Tentang Taufik Ikram Jamil
Taufik Ikram Jamil lahir di Telukbelitung, Riau, 19 September 1963. Tamat dari Universitas Riau tahun 1987. Selama 19 tahun menjadi wartawan, terakhir di harian Kompas. Pekerja seni dan berhidmat sebagai pengajar di Akademi Kesenian Melayu Riau. Kumpulan sajaknya Tersebab Haku Melayu, buku sajak penggal pertama. Kumpulan Cerpen: Sandiwara Hang Tuah, Membaca Hang Jebat, dan Hikayat Batu-batu.
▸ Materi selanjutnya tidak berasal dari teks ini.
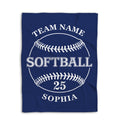 Navy softball throw blanket shown flat with a large white softball graphic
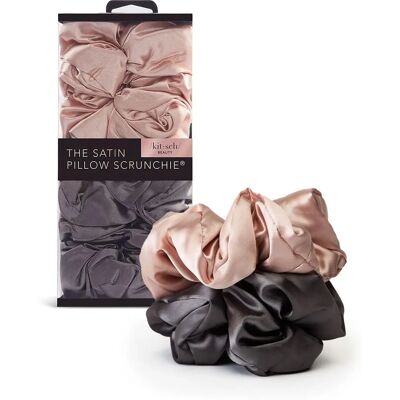 Élastiques de Satin pour Oreiller - Blush-Gris - Accessoires Cheveux - Publicité Élastiques de Satin pour Oreiller - Blush-Gris - Accessoires Cheveux - Publicité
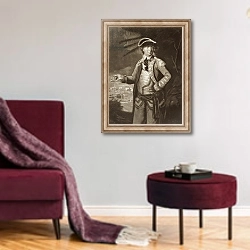 «Benedict Arnold, after a portrait of 1766 with Quebec in the background» в интерьере гостиной в бордовых тонах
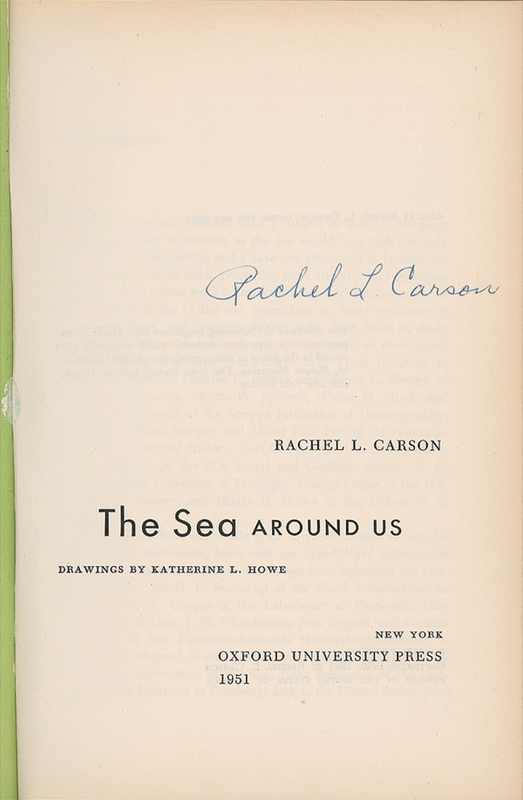Lot 598 Rachel Carson: Signing her classic of marine ecology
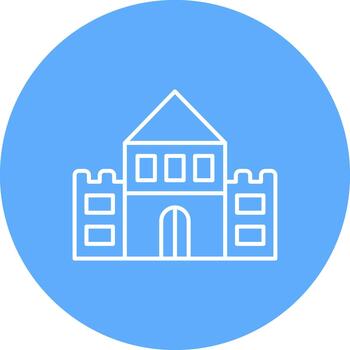 castillo creativo elemento para interfaz proyectos línea multi circulo vector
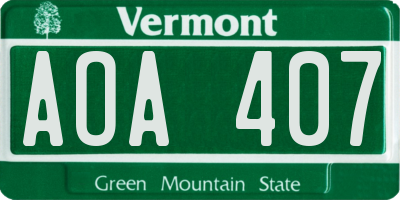 VT license plate AOA407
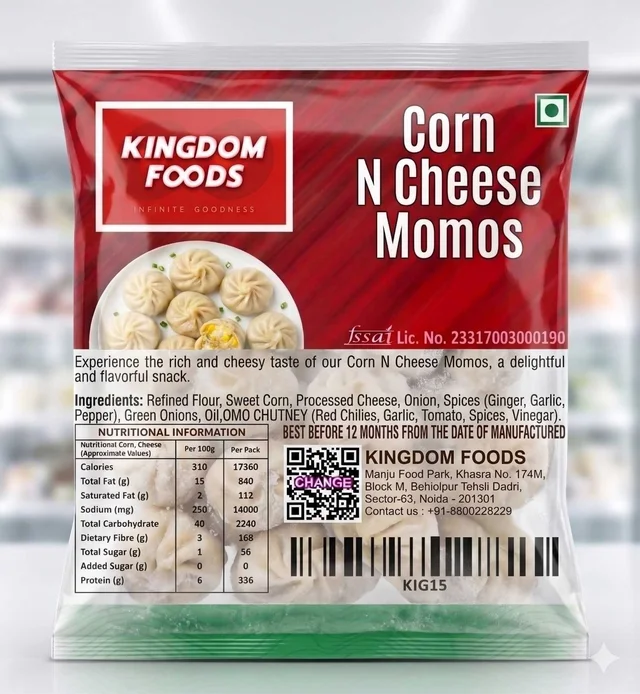 Kingodm Foods Corn N Cheese Momos (Frozen) (30 Gm/Pc) – 50 Pcs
Novelnya: Hempasan Gelombang dan Gelombang Sunyi.


Catatan lain
Disampul belakang buku, ada lima nama yang memberi testimony: Sutardji Calzoum Bachri, A. Samad Said, Suratman Markasan, Tan Lioe Ie, Jan van de Putten. Kata Sutardji: “…Bagi Ikram, sejarah kemelayuan bagaikan tongkat Musa. Lewat berkah bakat puisinya, dari tongkat itu ia ciptakan ular yang melahap nestapa, perih trauma, luka derita, dan membuka jalan sejarah baru yang segar dan mencerahkan.” Kata A. Samad Said: “Gugusan puisi Taufik Ikram Jamil membuktikan bahwa magis kata dan luhur batin Melayu masih harum bernafas. Antologi puisinya yang wajar membuat kita menjerit bangga.” Demikian.